[arin-ppml] Draft Policy ARIN-2013-3: Tiny IPv6 Allocations for ISPs
Matthew Kaufman
matthew at matthew.at
Thu Apr 4 15:46:50 EDT 2013
Totally oppose the below. There's no reason why we should ever be giving
an ISP something smaller than a /32. Fix the silly fee schedule.
If charging $1000 instead of $500 is a disincentive (I certainly think
it is) make the /32 be $500.
Matthew Kaufman
ps. Example as to why I think it is a disincentive: I run a microwave
network linking multiple mountaintops serving the tiny needs of several
different non-profit organizations, all paid for out of my own pocket.
All of it is numbered out of legacy space I hold.
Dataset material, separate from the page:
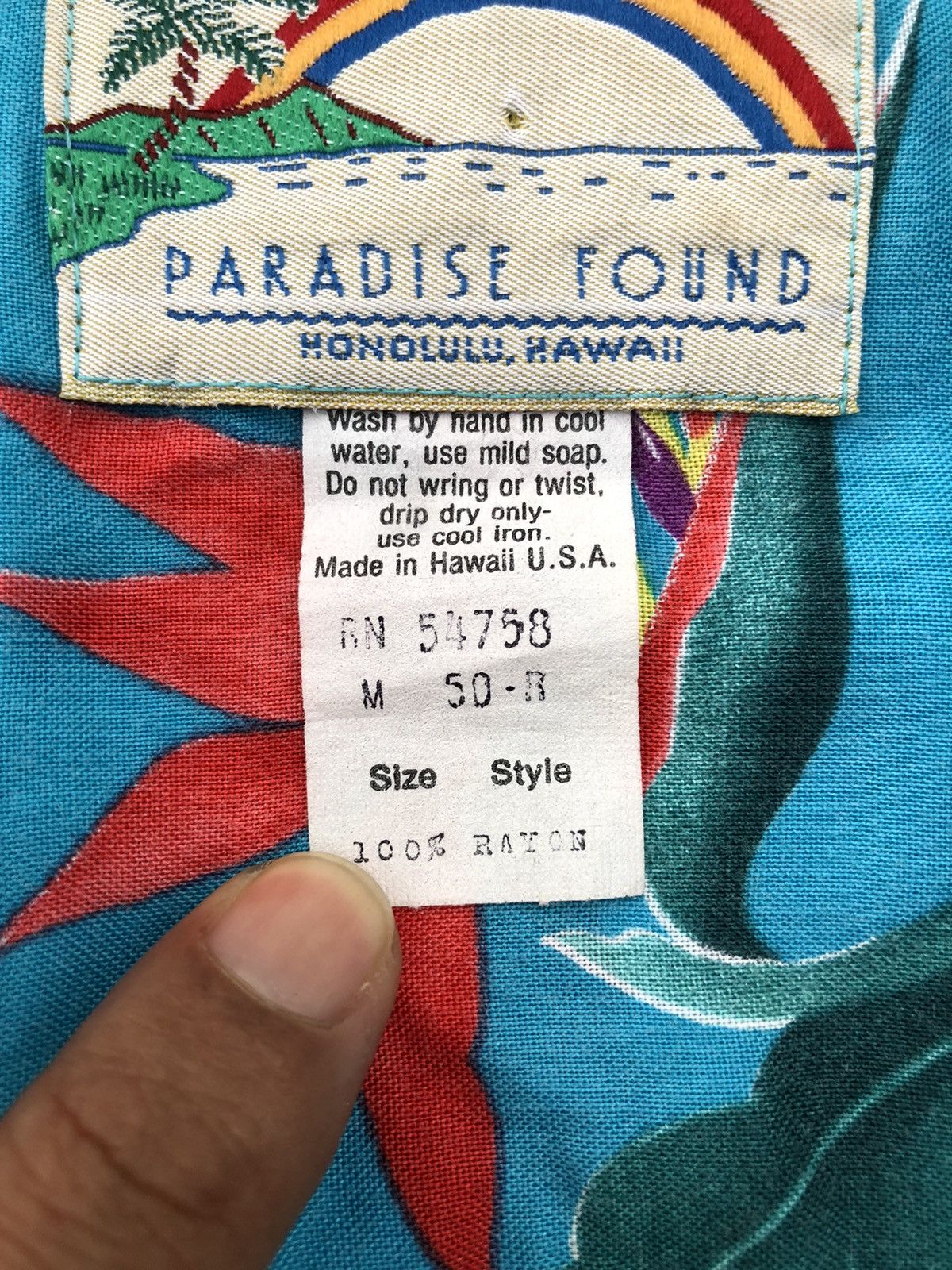 Vintage Vintage Paradise Found Honolulu, Hawaii 100% Rayon Button Size US M / EU 48-50 / 2 - 8 Thumbnail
Guess how much my wife
thinks I should spend per year on an IPv6 allocation from ARIN so that I
can add IPv6 to this network? I'll give you a hint: $500/year is too much.
On 4/4/2013 10:15 AM, David Farmer wrote:
> Here is the update that I propose to submit tomorrow to meet the
> publication deadline for the Barbados meeting. I believe it
> accurately reflects the changes discussed so for. Any comments are
> appreciated.
>
> Thanks.
>
> ---
>
> Draft Policy ARIN-2013-3
> Tiny IPv6 Allocations for ISPs
>
> Date: 4 April 2013
>
> Problem Statement:
>
> ARIN's fee structure provides a graduated system wherein organizations
> pay based on the amount of number resources they consume.
>
> At the very bottom end of the scale, it is presently not possible to
> be an XX-Small ISP with an IPv6 allocation because the minimum
> allocation size of /36 automatically promotes one into Small ISP
> status, resulting in a doubling of annual fees.
>
> While tiny in absolute terms, the extra costs incurred represent a
> disincentive to IPv6 deployment.
>
> To the author's knowledge, it has never been possible for an LIR/ISP
> to get a /40 allocation direct from ARIN; assignments of /40s have
> been limited to organizations that qualify as end sites or critical
> infrastructure. It is understood there is an expected correction of
> the xx-small fee category to "/40 or smaller".
>
> Policy statement:
>
> Part 1: In subsection 6.5.2. Initial Allocation Size, insert "or /40"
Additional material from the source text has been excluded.